I take it the poll duration is milliseconds? Mango can ping the inverter in 0.6mS

robert@mango:/opt/mango/logs$ ping se5k
PING SE5K.nixtec.net (10.11.21.253) 56(84) bytes of data.
64 bytes from SE5K.nixtec.net (10.11.21.253): icmp_seq=1 ttl=62 time=0.672 ms
64 bytes from SE5K.nixtec.net (10.11.21.253): icmp_seq=2 ttl=62 time=0.640 ms
64 bytes from SE5K.nixtec.net (10.11.21.253): icmp_seq=3 ttl=62 time=0.628 ms

Only 9 points are being polled in the inverter, (summary from device export)

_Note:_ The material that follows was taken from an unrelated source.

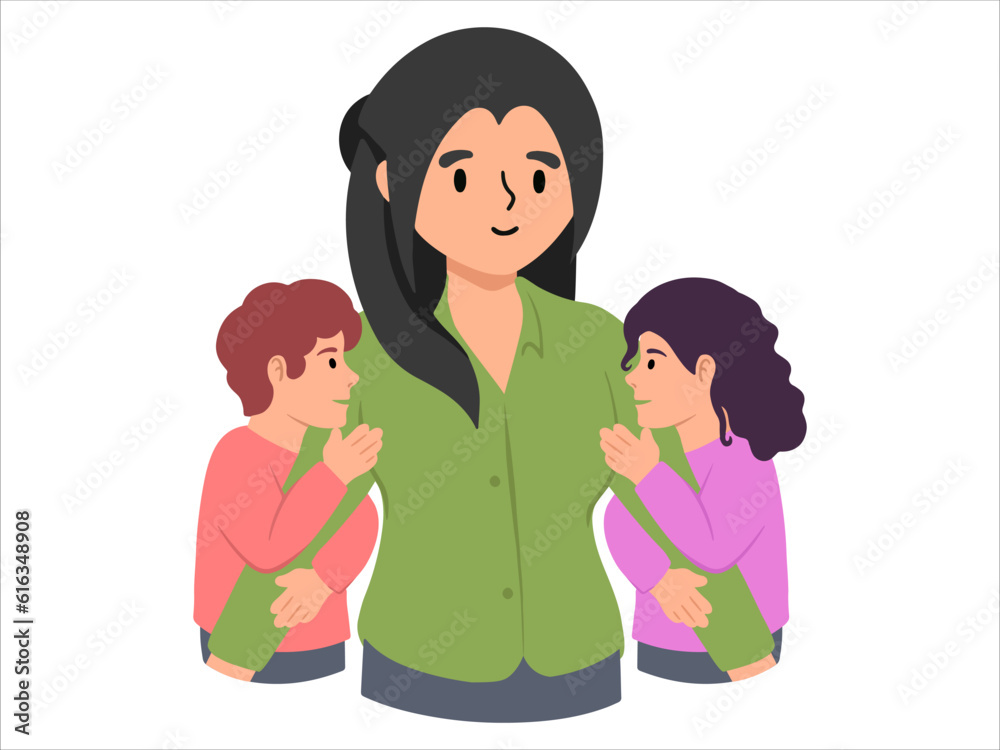 Mom with Son and Daughter or avatar icon illustration Mom with Son and Daughter or avatar icon illustration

HOLDING_REGISTER	TWO_BYTE_INT_SIGNED	1	84
HOLDING_REGISTER	TWO_BYTE_INT_UNSIGNED	1	83
HOLDING_REGISTER	TWO_BYTE_INT_SIGNED	1	206
HOLDING_REGISTER	TWO_BYTE_INT_SIGNED	1	210
HOLDING_REGISTER	FOUR_BYTE_INT_UNSIGNED	1	226
HOLDING_REGISTER	FOUR_BYTE_INT_UNSIGNED	1	234
HOLDING_REGISTER	TWO_BYTE_INT_SIGNED	1	242
HOLDING_REGISTER	FOUR_BYTE_INT_UNSIGNED	1	93
HOLDING_REGISTER	TWO_BYTE_INT_UNSIGNED	1	95

So my question is, is the problem / fault with Mango, or the Solaredge inverter?

Thanks

jvaughters

You will have to isolate the inverter from Mango to know for sure. The first thing I would do is leave the configuration as it is and run a constant ping script and log the results. See if the response times on the ping grows during the failure times in Mango. If you are getting ping failures or long responses during the same time as Mango, it is likely the inverter software lagging or network latency issues. The next more drastic isolation would be to use another Modbus client and also the ping test at the same time and see if you get errors as well. Again logging the errors. I've used the original Mango, ScadaBR and now testing the new M2M2 mango for nearly 10 years and most of the time it is not Mango, but the device or network that is the issue.

phildunlap

Hi rob987,

Do you have "Contiguous batches only" checked? It would appear to me you probably do, and that part of the problem may be segmenting the requests for those points into several individual requests, as can be seen in the I/O sample you shared. That's why there's more than one request per second but they're all in the holding registers and only somewhat separated. I suspect disabling that, or increasing the max registers per request, could allow a more efficient polling of the device.

You can see in the timing there that Mango is quite ready to send the next request, but it's waiting for the device to reply.

To the no recipient message, that would be caused by very close timing where the message has been received but just after the timeout happened, which may contribute to its somewhat randomness as to time of occurrence.

jvaughters

Interesting view @phildunlap. One of these days I will have to Wireshark Mango polls and play with those settings to see how Mango tries to optimize. But even if that is checked or not, if the inverter has a good network connection and the software is responsive, it should be able to respond quickly. It is very few points. I'm glad you pointed that out though, something for me to check out one day and it is certainly worth a try on this case.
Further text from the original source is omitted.